Polly Greeks’ Blog: Teaching in Iraq
Training young minds to think creatively is the best schooling possible – and Polly leaves no stone (or leaf) unturned in her mission.
Northern Iraq would be an adventure. That’s how I sold it to James, a long time before we put down roots in Northland. The online advert invited readers to “help rebuild a war-torn nation”. Further inquiry revealed English teachers were being sought in the autonomous region of Kurdistan.
Googling Kurdish mountains had provided enough imagery to conclude we’d be teaching bright-eyed urchins in some remote stone village where bleating goats wandered beneath thrusting crags. Instead, we were escorted from the airport to a patrolled compound where armed guards swept us for bombs before opening steel gates to a sterile box apartment.
This, then, was the way home for James and me. Armed guards at frequent roadblocks, landmines in the hills, and beige tanks rumbling through sun-scorched, dusty landscapes set us on the path to a far-off stand of New Zealand forest.
During our year in Iraq, a secluded green valley became increasingly synonymous with freedom.
That Kurdish school steered me onto home-schooling’s road.
It was a multi-million-dollar construction into which a thousand kids trudged each day.
Although it was my first time teaching, inexperience didn’t matter according to the principal. Every bit of schoolwork was prescribed, point-by-point. As teachers, all we had to do was front up to class and deliver the material in the correct way.
The students would suck up the information, pass their weekly exams and rise to ever loftier heights of academia. Obstacles such as dyslexia didn’t exist if you followed the programme, we were told.
To enforce control, we were issued a sheet of 49 punishable classroom offences called infractions, coded for easy reference. Under our tutelage children weren’t to smile, laugh, silently snigger, whisper or scrape their chair.
They mustn’t stand up or talk unless invited to. Even if the potential perpetrators were sitting as still as statues, we could get them for failing to look in the right direction.
It felt like a factory, mass-producing human units of standardized data. Standing at the blackboard, I saw any passion for learning fade like light in my pupils’ eyes as monotone textbooks dictated each lesson’s course.
We all gazed longingly out the windows and no one in my class was punished for doing so. As far as I was concerned, distant horizons were the right place to be turning one’s eyes.
Einstein said, “Education is not the learning of facts, but the training of the mind to think.” A thinking mind is one that’s in movement – able to leap lightly across shifting truths, venture into unknown realms, torpedo down wormholes of curiosity and explore currents that arise when you let yourself drift.

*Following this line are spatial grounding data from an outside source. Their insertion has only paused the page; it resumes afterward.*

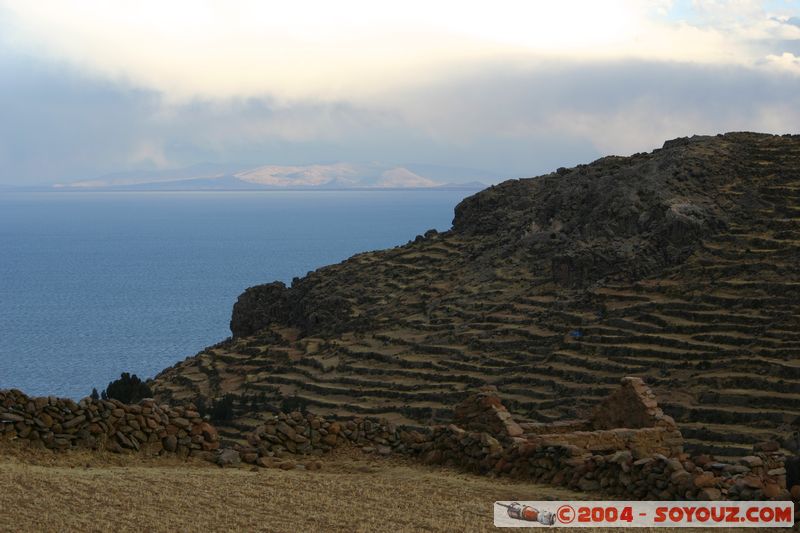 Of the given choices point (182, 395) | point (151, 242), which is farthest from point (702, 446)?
point (151, 242)

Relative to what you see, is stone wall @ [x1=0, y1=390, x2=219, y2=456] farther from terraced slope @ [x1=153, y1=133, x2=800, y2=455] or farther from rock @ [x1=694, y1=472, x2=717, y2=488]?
terraced slope @ [x1=153, y1=133, x2=800, y2=455]

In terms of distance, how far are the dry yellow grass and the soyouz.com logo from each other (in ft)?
1.20

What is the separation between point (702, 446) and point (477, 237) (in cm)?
1839

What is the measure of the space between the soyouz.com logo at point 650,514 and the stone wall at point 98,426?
195 inches

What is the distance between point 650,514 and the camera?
Answer: 456 inches

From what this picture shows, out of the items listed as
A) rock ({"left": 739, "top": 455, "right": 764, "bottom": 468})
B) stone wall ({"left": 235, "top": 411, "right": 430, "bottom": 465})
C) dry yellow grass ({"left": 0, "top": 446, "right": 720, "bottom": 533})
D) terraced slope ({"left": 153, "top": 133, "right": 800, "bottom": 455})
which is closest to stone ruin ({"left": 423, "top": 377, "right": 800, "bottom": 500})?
rock ({"left": 739, "top": 455, "right": 764, "bottom": 468})

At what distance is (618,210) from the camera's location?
111 feet

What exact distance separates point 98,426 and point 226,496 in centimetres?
351

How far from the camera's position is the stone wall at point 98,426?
14.6 metres

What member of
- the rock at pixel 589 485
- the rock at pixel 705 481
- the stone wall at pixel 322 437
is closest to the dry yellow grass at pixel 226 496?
the rock at pixel 589 485

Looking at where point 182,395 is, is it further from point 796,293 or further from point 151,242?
point 151,242

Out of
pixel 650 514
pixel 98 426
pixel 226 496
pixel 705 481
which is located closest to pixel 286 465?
pixel 98 426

Like animals in captivity, the Kurdish children’s abilities to explore their interests and expand their imaginations were tightly confined – not just by the school’s concrete walls but by a rigid curriculum and a narrow definition of success.
Home schooling six-year-old Vita feels like an antidote to the clockwork institution we taught at. Instead of a syllabus, we’re following her interests and awareness and just because they’ve led us into fairies, flowers and a fascination with detectives doesn’t mean literacy and numeracy aren’t getting practised.
Education’s root word is educare – to draw out or bring forth; not to load up. I believe it’s also my job as an educator to stoke the fire of curiosity so Vita and three-year-old Zen never stop wanting to know why, and how and if it is possible. Taking responsibility for a child’s education can be daunting.
I worried at first that I might be depriving Vita of social skills but she has friends young and old. She’s not disconnected from the world; it’s her classroom and in it, she’s learning constantly from experience, not theory.
It costs us to home-school, both in time and lost income, but it pays handsomely too. It’s true I sometimes yearn for a day away from the kids, but watching them unfold their world is gold. Engaging them with nature and turning on lights in their heads has become a passion.
That I’m learning too, all the time, is such an unexpected bonus.